Prompt: Only the lines from the one with "relasisptss's tweet photo." to the end of the data, both ends included, should be output, exactly as they stand and without pictures.

[Given records]

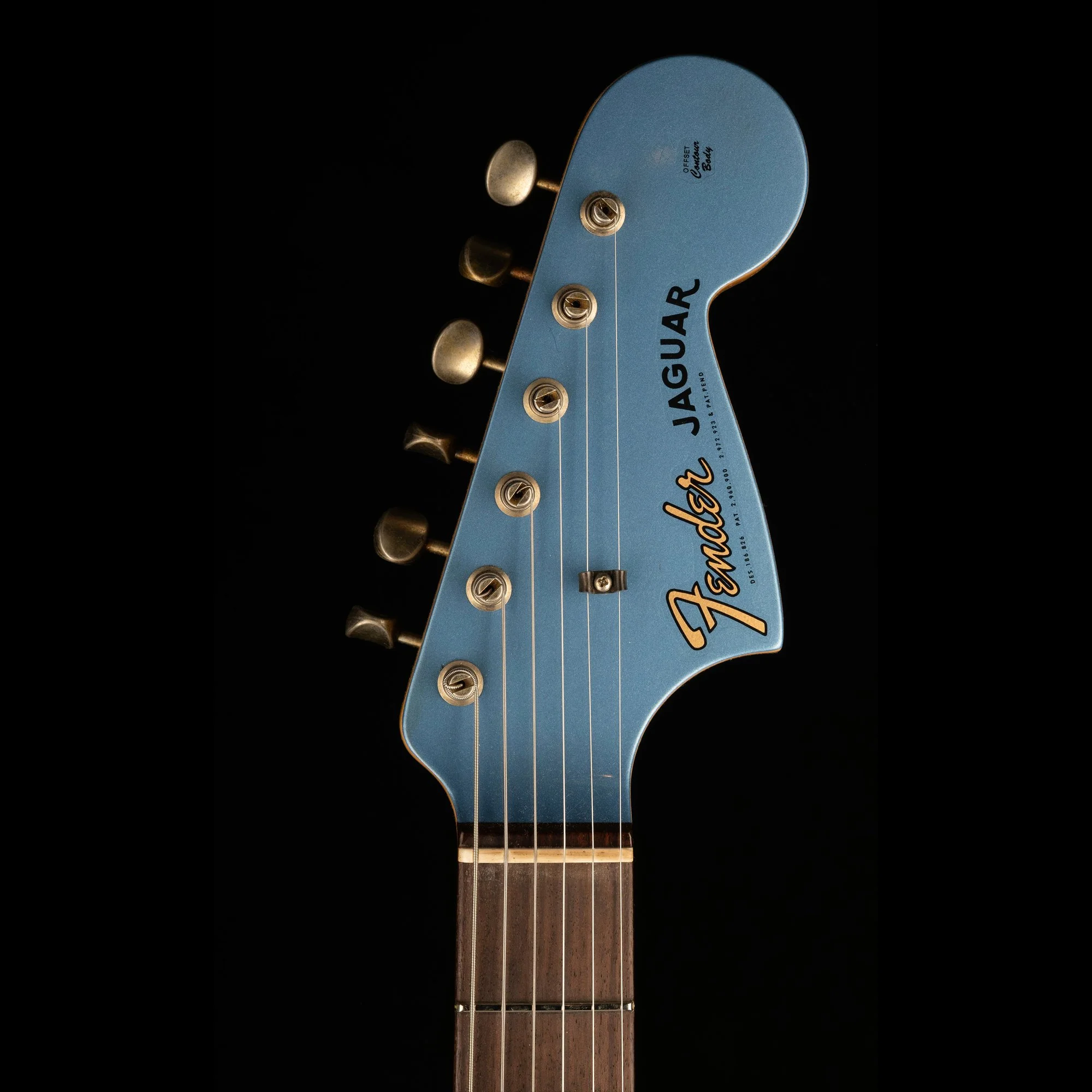 Fender Custom Shop 1964 Jaguar Journeyman Relic Faded Aged Lake Placid Blue - Image 16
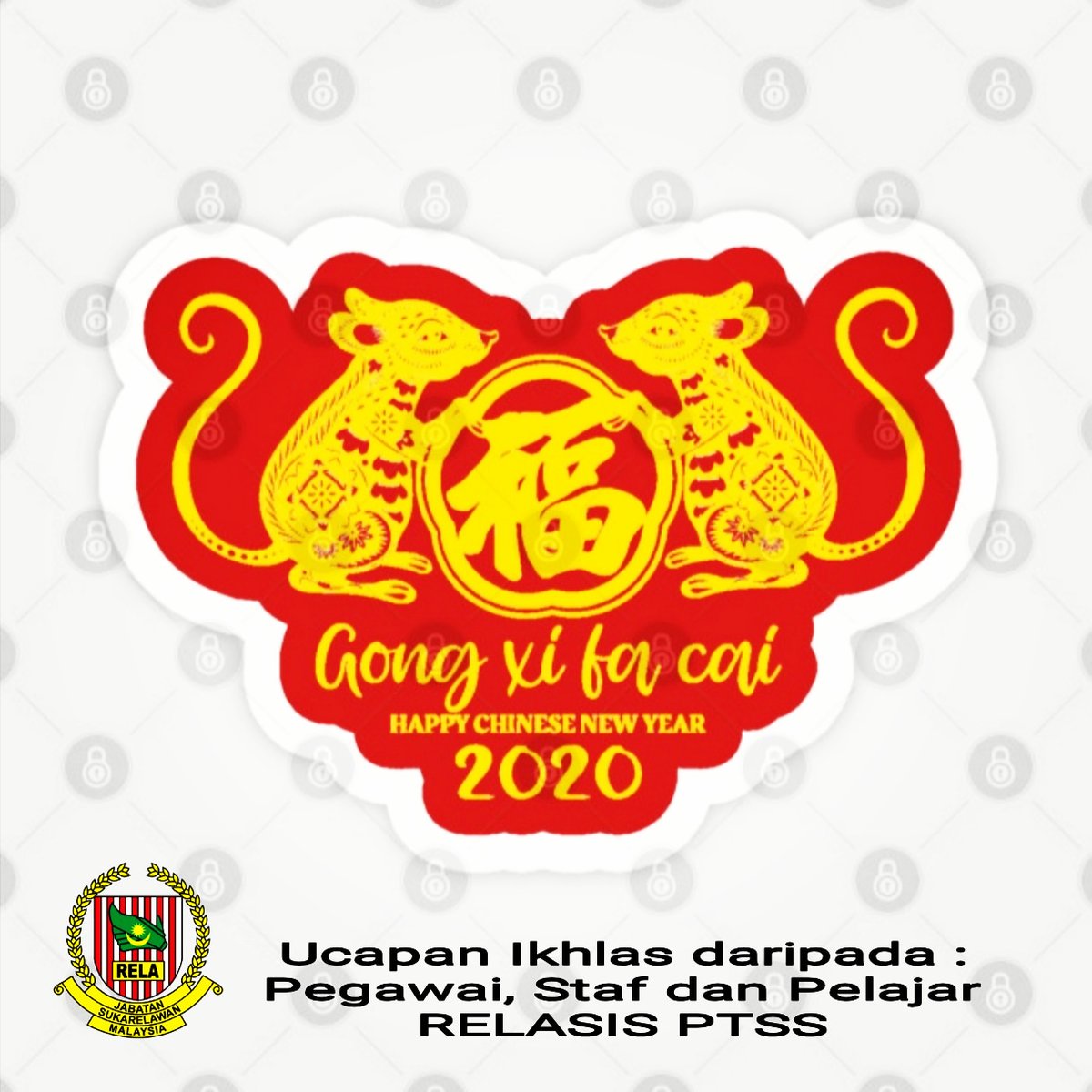 relasisptss's tweet photo. "Di balik kesabaran tersimpan benih-benih kebijaksanaan. Jadikan kesabaran sebagai awal memulai tahun yang baru. Selamat Tahun Baru Cina 2020."
#rayacina
#alafbaru
#relasisraya https://t.co/vSx7gNhyro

[/Given records]

Output of the exercise:
 relasisptss's tweet photo. "Di balik kesabaran tersimpan benih-benih kebijaksanaan. Jadikan kesabaran sebagai awal memulai tahun yang baru. Selamat Tahun Baru Cina 2020."
#rayacina
#alafbaru
#relasisraya https://t.co/vSx7gNhyro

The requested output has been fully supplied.